EXERCISE REQUIREMENTS
Beneath this instruction is a listing. Transcribe from it only the stretch from the line with "a pair of silver" through the line with "Photo of Woman", both end lines included, exactly as written.

RECORD EXCERPTS
=== Begin Enclosure ===

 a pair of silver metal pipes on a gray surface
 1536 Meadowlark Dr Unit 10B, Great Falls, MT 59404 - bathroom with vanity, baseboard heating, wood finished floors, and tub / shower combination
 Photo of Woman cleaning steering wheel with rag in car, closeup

=== End Enclosure ===
=== Begin Enclosure ===

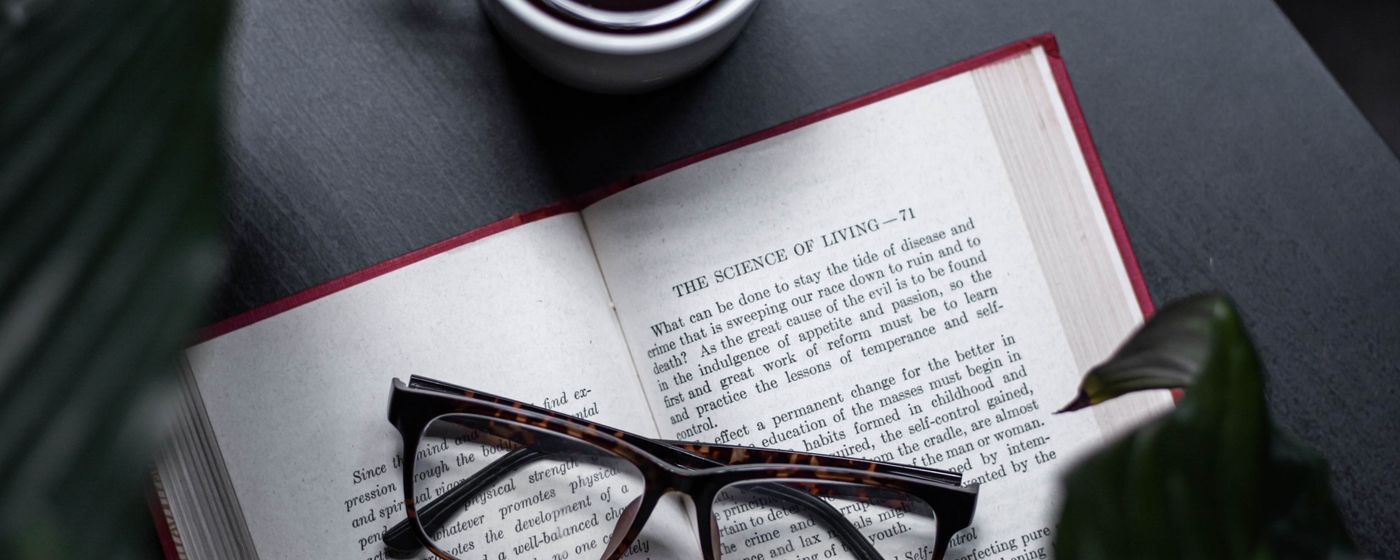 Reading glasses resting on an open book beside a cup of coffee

=== End Enclosure ===
=== Begin Enclosure ===

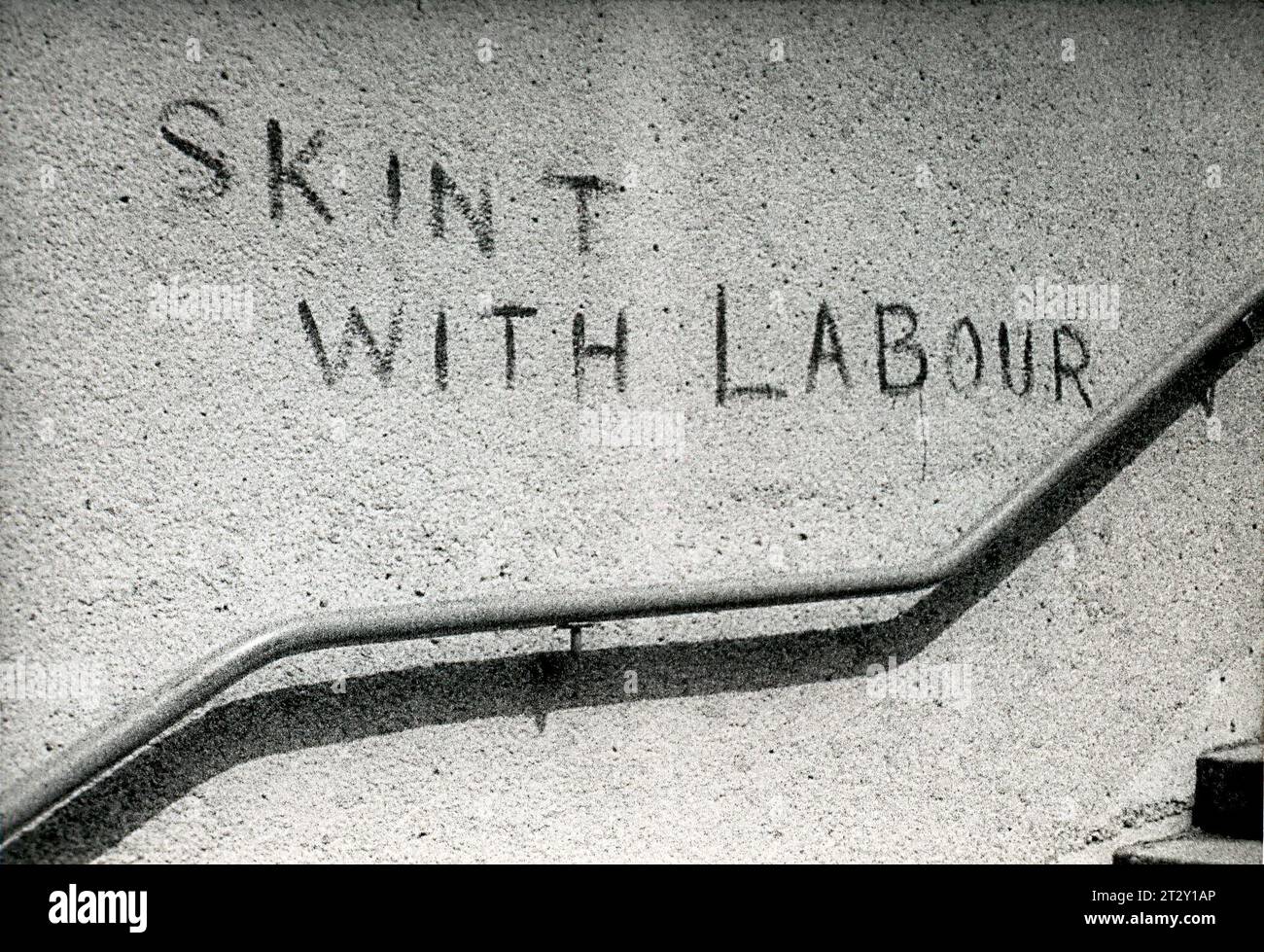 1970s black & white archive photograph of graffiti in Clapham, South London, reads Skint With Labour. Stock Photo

=== End Enclosure ===

EXERCISE RESPONSE
 a pair of silver metal pipes on a gray surface
 1536 Meadowlark Dr Unit 10B, Great Falls, MT 59404 - bathroom with vanity, baseboard heating, wood finished floors, and tub / shower combination
 Photo of Woman cleaning steering wheel with rag in car, closeup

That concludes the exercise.